Showing @ King’s Theatre, Edinburgh, until 4 Oct @ 19.30 (and touring)

With a trilogy of bestsellers, the 1997 movie and West End and Broadway success can Regeneration the musical or TV series be far away? With its cut-glass accents, period costumes, WW1 setting and large cast it’s got all the hallmarks of Downton Abbey.

This is a polished and handsome production of a gutsy play, adapted by Nicholas Wright from Pat Barker‘s celebrated novels, in which Siegfried Sassoon and Wilfred Owen meet while being treated at Edinburgh’s progressive Craiglockhart Hospital. The play isn’t afraid to tackle the horrors of war that so affected the soldiers. Young men who had barely left home experienced a modern war that combined long-range artillery and medieval trench warfare. For many, the endless killing and maiming of their compatriots was too much to bear. The doctors’ dilemma was to work out which officer was a coward or ‘degenerate dodger’ in the parlance of the time, and which was displaying genuine post traumatic stress disorder in the parlance of our own.

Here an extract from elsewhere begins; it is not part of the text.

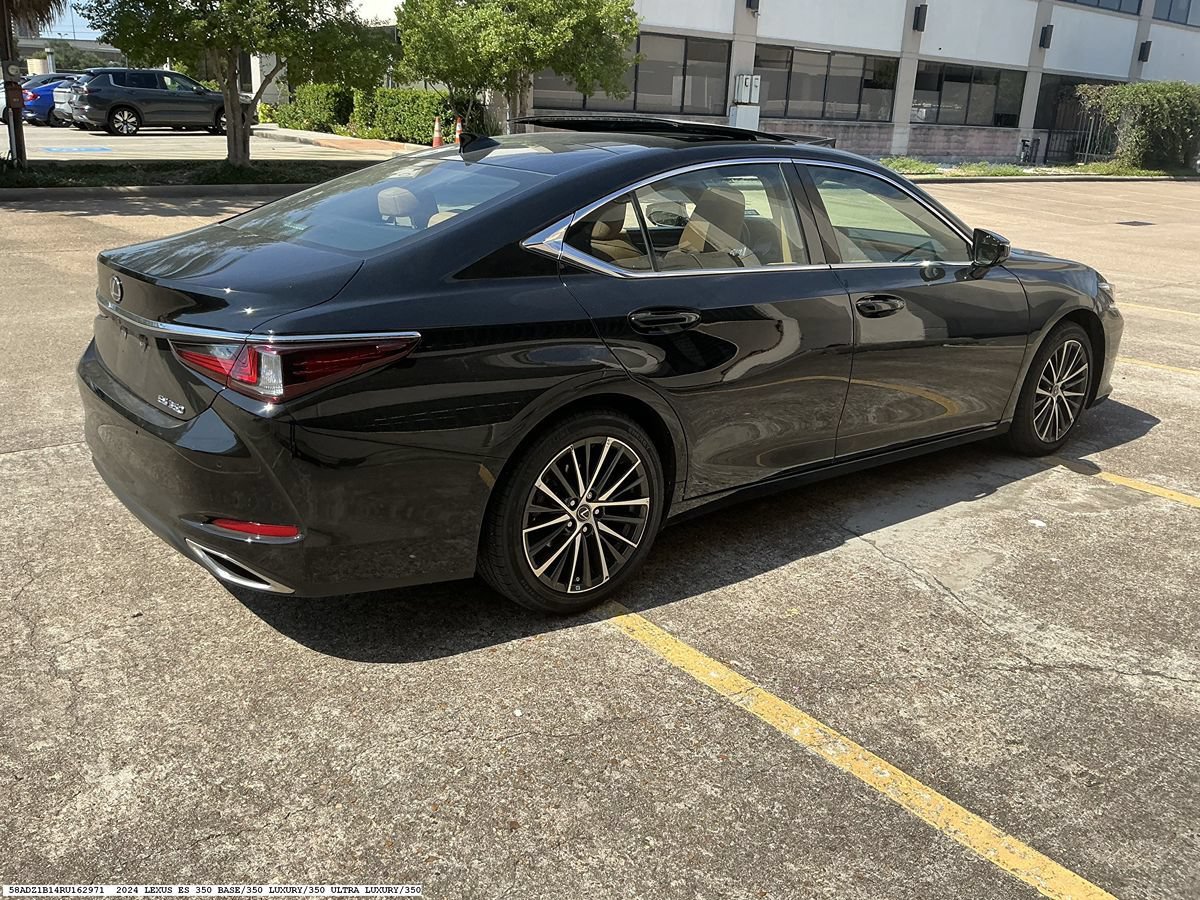Used 2024 Lexus ES 350 w/ Premium Package FWD image 6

Dr Rivers (an early Freudian) knows he must get men well again only in order to send them back to an almost certain death.

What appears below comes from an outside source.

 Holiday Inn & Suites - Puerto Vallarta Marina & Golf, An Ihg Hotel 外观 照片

The filth and mutilated corpses and the sheer numbers of war dead gave soldiers horrible flashbacks – barely understood by the medical profession – that were successfully articulated by Sassoon and Owen in their poems. The play doesn’t belabour its point and offers just the right number of dramatic jolts: a lightning hallucination at the end of the first half and a sequence that highlights electroshock treatment. Sassoon wrote openly against the war in 1917 saying the government was prolonging conflict it could easily end. This meant he was tactfully invalided out rather than imprisoned.

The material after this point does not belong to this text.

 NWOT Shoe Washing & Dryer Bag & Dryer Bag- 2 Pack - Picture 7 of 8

The play is characterised by fine ensemble playing – lighting (by Lee Curran) and music (Stewart Earl) and a clever set (Alex Eales) propel the action well. The lean direction by Simon Godwin is parade-ground crisp and the writing sharp and often surprisingly funny. Regeneration is by no means a handwringing exercise in post-rationalisation yet in this year of WW1 commemorations this is a gentle (sometimes a little glib) reminder of another side of the so-called Great War.